▶ [MATERIAL FOR THE TASK]
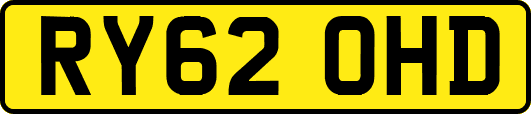 RY62OHD
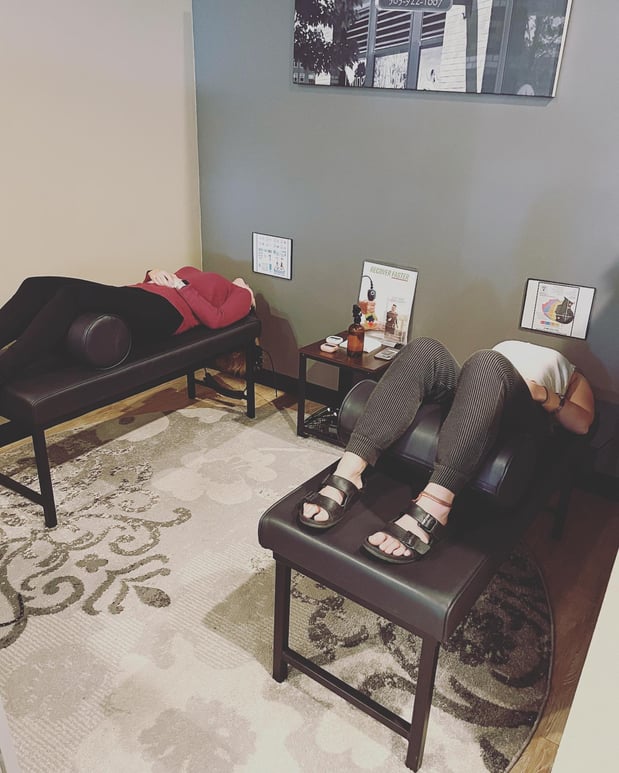 Images 100% Chiropractic - East Cobb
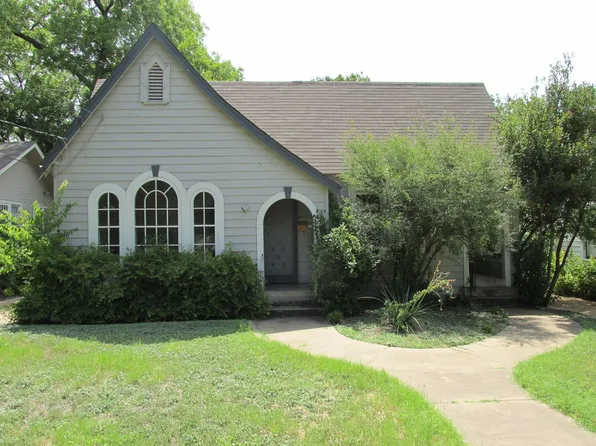 3207 1/2 Harris Park Ave, Austin, TX 78705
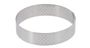 Perforert Ring I Rf Stål Ø7,5 X 2Cm.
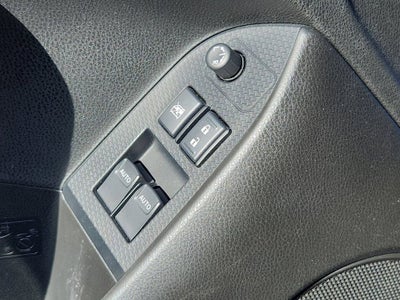 2014 Subaru BRZ Limited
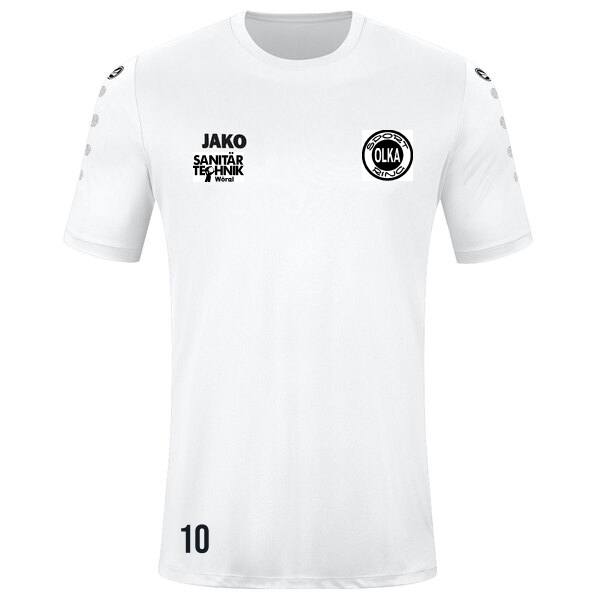 Trikot Team kurzarm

▶ [EXERCISE] The result should hold only the lines from the line with "Images 100% Chiropractic - East Cobb" through the final line of the records above, copied exactly, with pictures left out.

▶ [EXERCISE RESULT]
 Images 100% Chiropractic - East Cobb
 3207 1/2 Harris Park Ave, Austin, TX 78705
 Perforert Ring I Rf Stål Ø7,5 X 2Cm.
 2014 Subaru BRZ Limited
 Trikot Team kurzarm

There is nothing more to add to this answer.